> [Work request] Extract the full listing verbatim and drop any pictures from your copy.

> [Given material]
....................
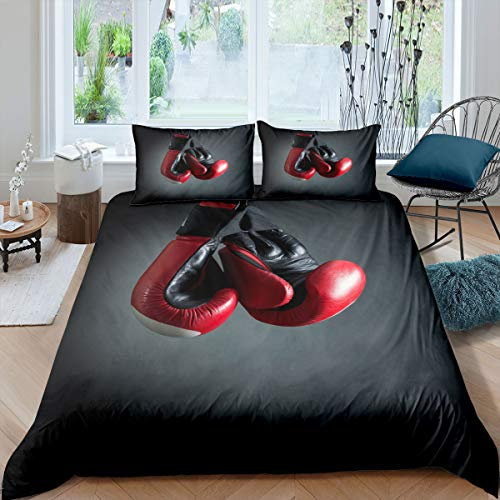 Boxing Bedding Set Sports Theme Comforter Cover For Boys Children Men,Boxing Gloves Pattern Duvet Cover Sports Games Room Decor Fighting Competition Pugilism Quilt Cover Double Size Red Black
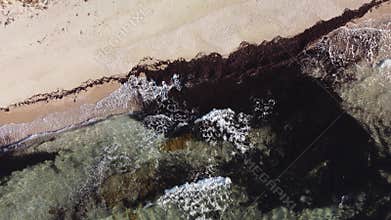 Aerial View of a Sandy Beach with Seaweed and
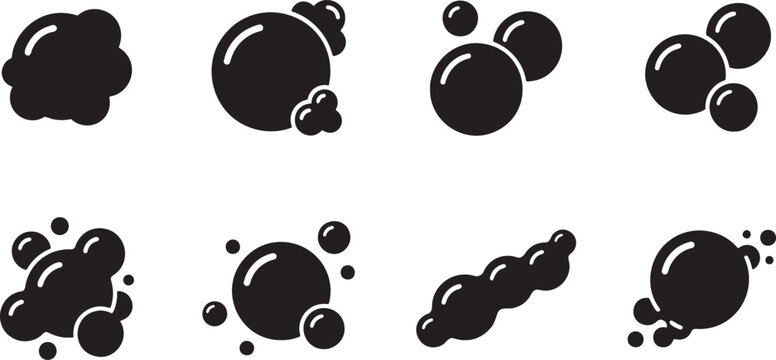 Soap suds floating laundry bubbles and washing foam clusters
....................
> [Finished task]
 Boxing Bedding Set Sports Theme Comforter Cover For Boys Children Men,Boxing Gloves Pattern Duvet Cover Sports Games Room Decor Fighting Competition Pugilism Quilt Cover Double Size Red Black
 Aerial View of a Sandy Beach with Seaweed and
 Soap suds floating laundry bubbles and washing foam clusters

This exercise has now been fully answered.